YOUR GOAL –
Would you please write out only the lines running from the top of the listing through the one holding "きれいいろの丸ヨークニット: 本｜手づくりタウン by 日本ヴォーグ社", exactly, with both ends kept and pictures left out?

# # #

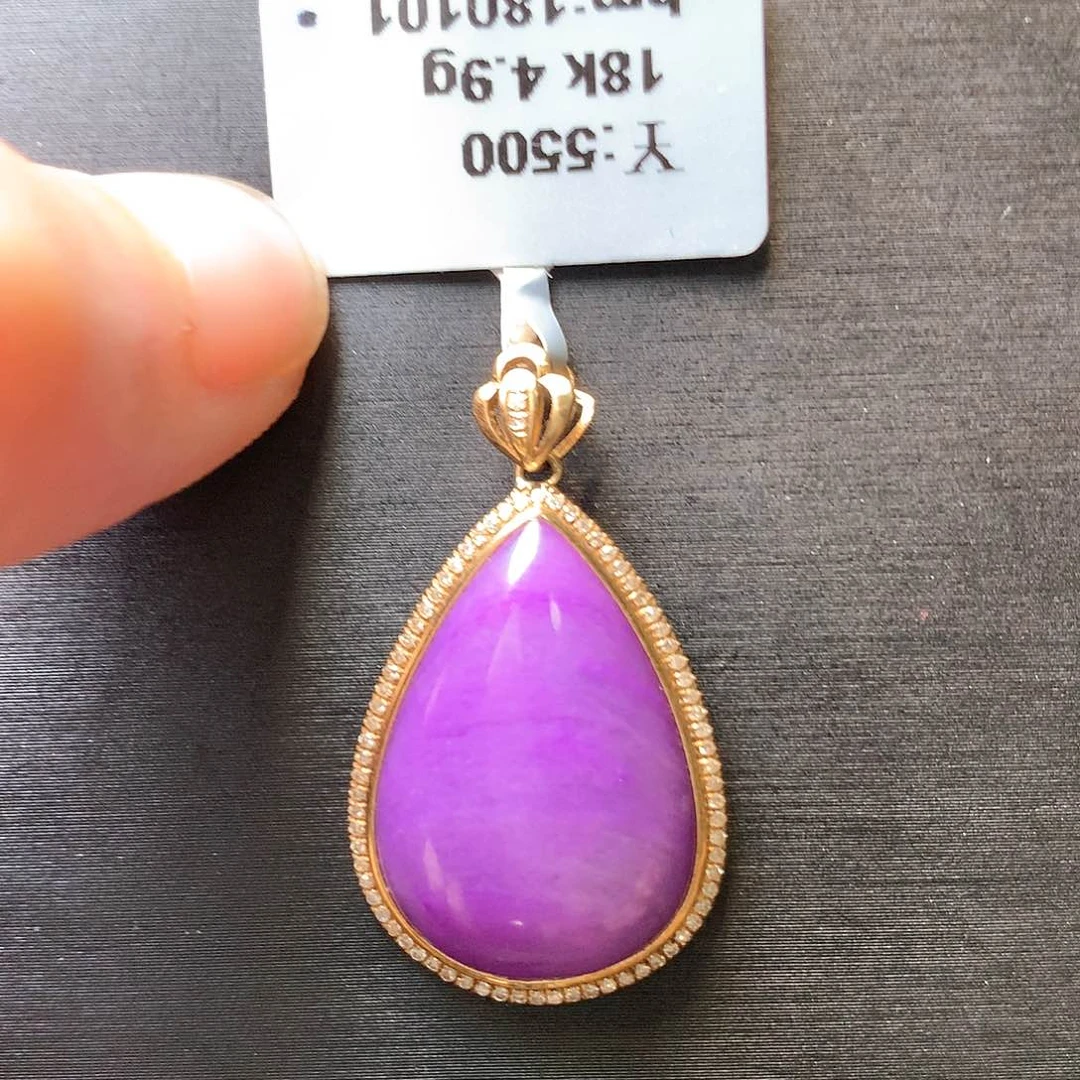 苏纪石（舒俱来）吊坠18K金镶嵌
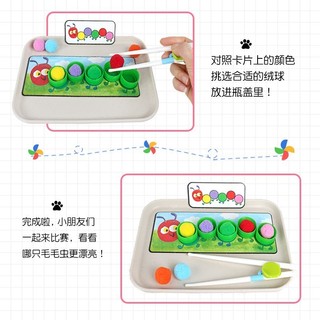 Rất Đói Sâu Bướm Sách Hình Giảng Dạy Montessori Giáo Dục Sớm Xếp Hình Khu Vực Hoạt Động Nhỏ Trung Học Lớp Mẫu Giáo Tự Chế Chơi Máy Trợ Giảng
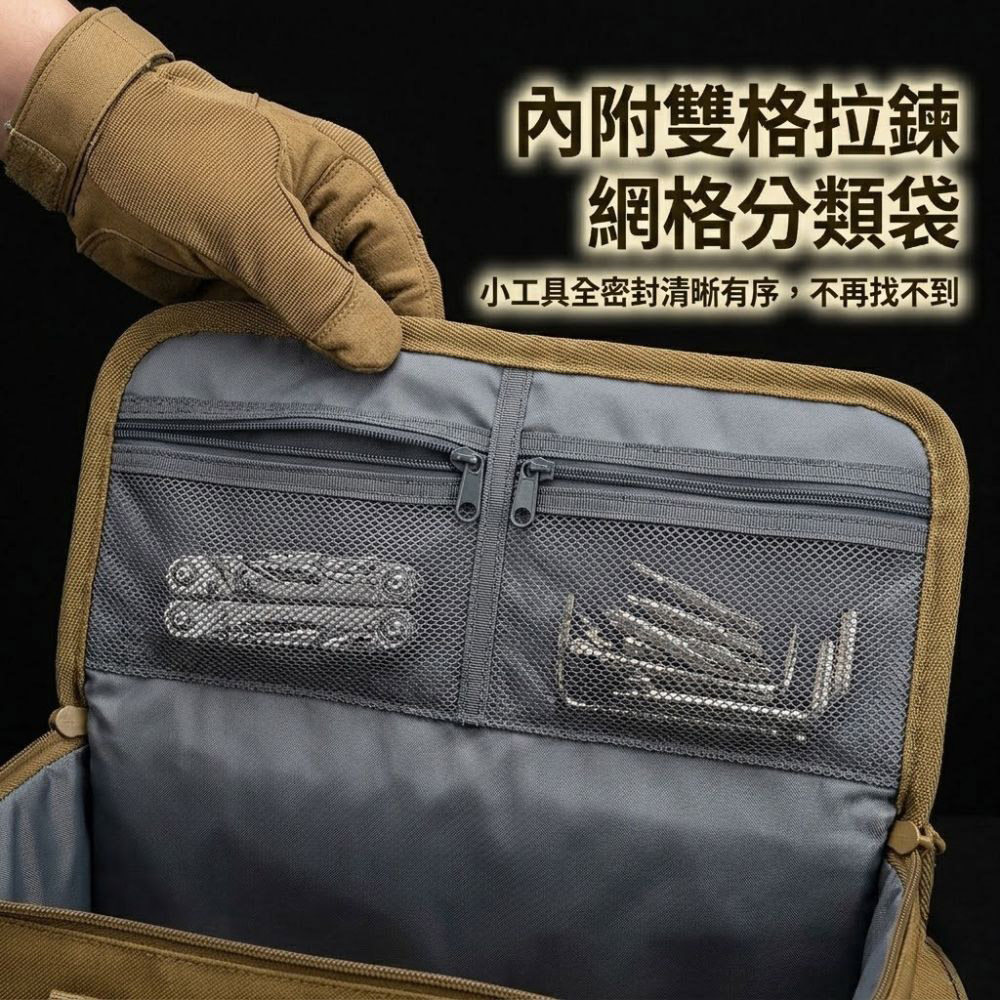 40cm工具收納包-軍綠色(46x16x16cm), , large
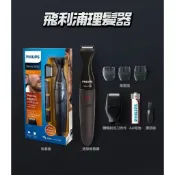 飛利浦男士電動理髮器 宿舍居家剪髮修鬍都能用 可修剪鼻毛一機多用 刀頭可拆洗好清理 新手好上手 日常打理很方便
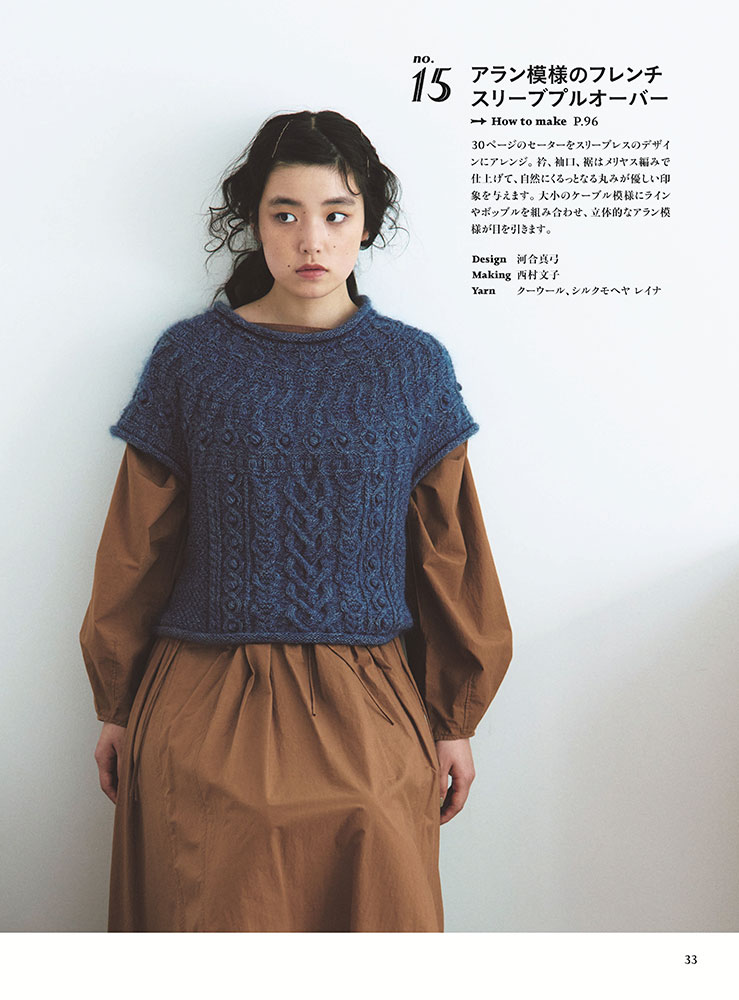 きれいいろの丸ヨークニット: 本｜手づくりタウン by 日本ヴォーグ社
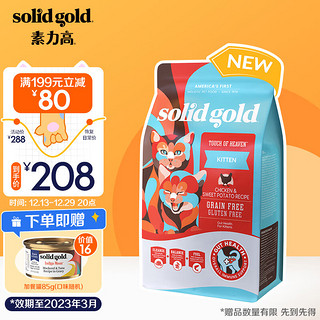 素力高（SolidGold）Solid Gold 进口全新素力高每日营养鲜肉羊肉成猫猫粮12磅 2.72kg成长粮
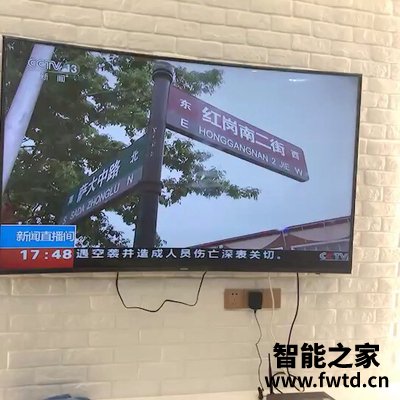海信75l9s和75l9的区别如何,哪个好呢?评测一周感受告知! 海信75l9s和75l9的区别如何,哪个好呢?评测一周感受告知!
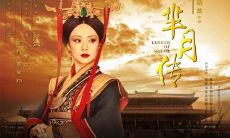 《芈月传》中经典台词,充满思想和哲理,凝聚历史的厚重,令人深思与感悟!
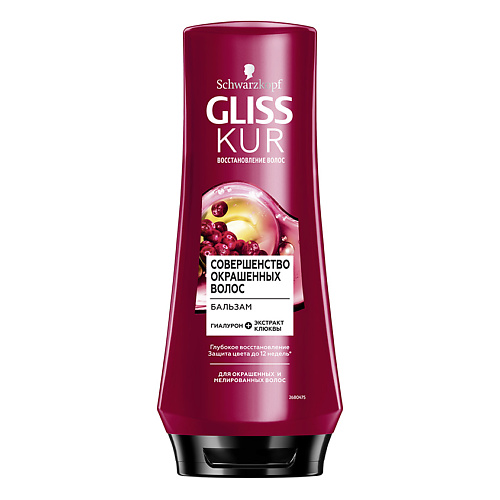 ГЛИСС КУР GLISS KUR Бальзам для волос Совершенство окрашенных волос Color Perfector бальзам для волос gliss kur oil nutritive питательный 360 мл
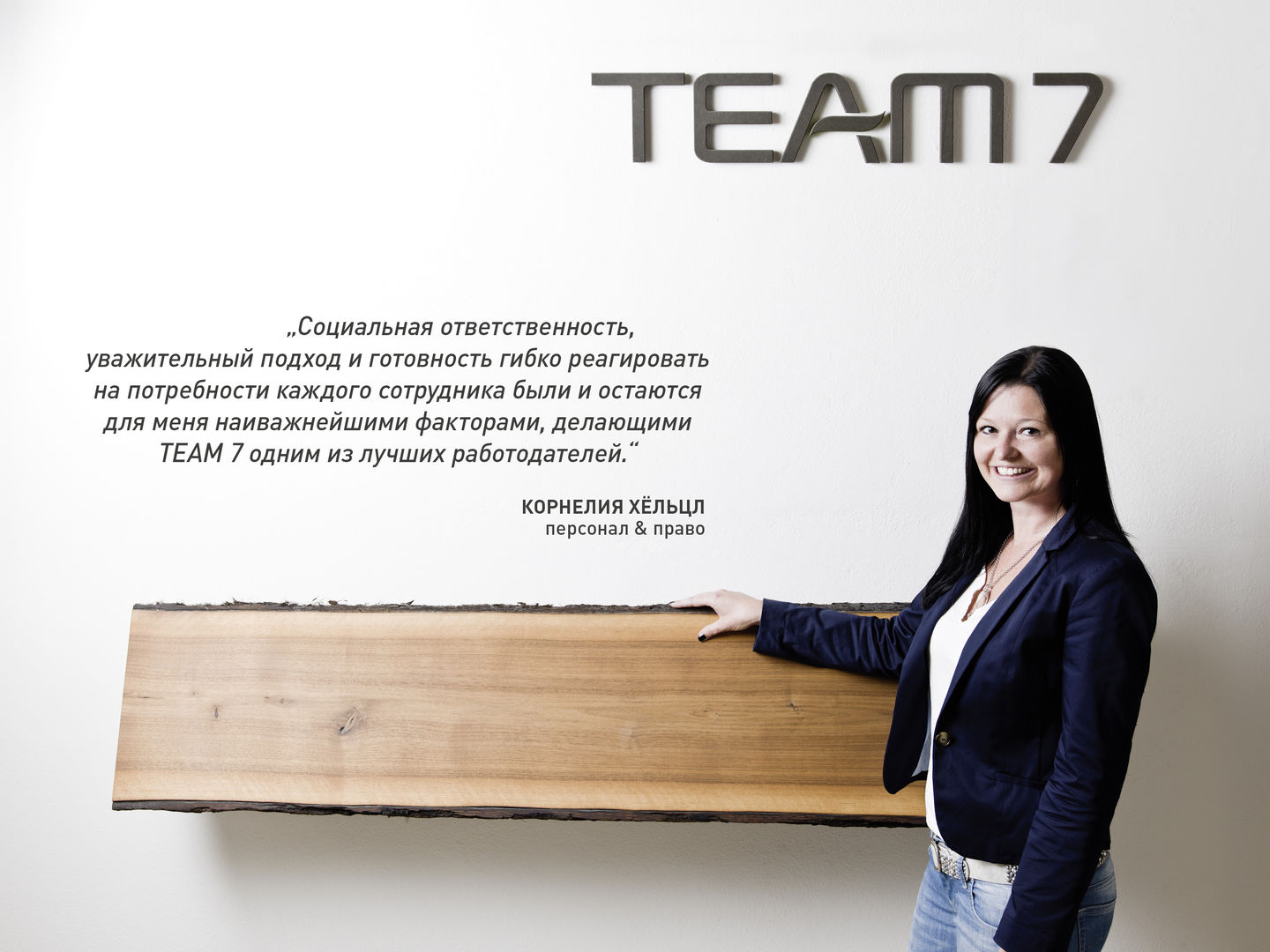 Корнелия Хёльцл на работу в TEAM 7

# # #

TASK OUTPUT –
 苏纪石（舒俱来）吊坠18K金镶嵌
 Rất Đói Sâu Bướm Sách Hình Giảng Dạy Montessori Giáo Dục Sớm Xếp Hình Khu Vực Hoạt Động Nhỏ Trung Học Lớp Mẫu Giáo Tự Chế Chơi Máy Trợ Giảng
 40cm工具收納包-軍綠色(46x16x16cm), , large
 飛利浦男士電動理髮器 宿舍居家剪髮修鬍都能用 可修剪鼻毛一機多用 刀頭可拆洗好清理 新手好上手 日常打理很方便
 きれいいろの丸ヨークニット: 本｜手づくりタウン by 日本ヴォーグ社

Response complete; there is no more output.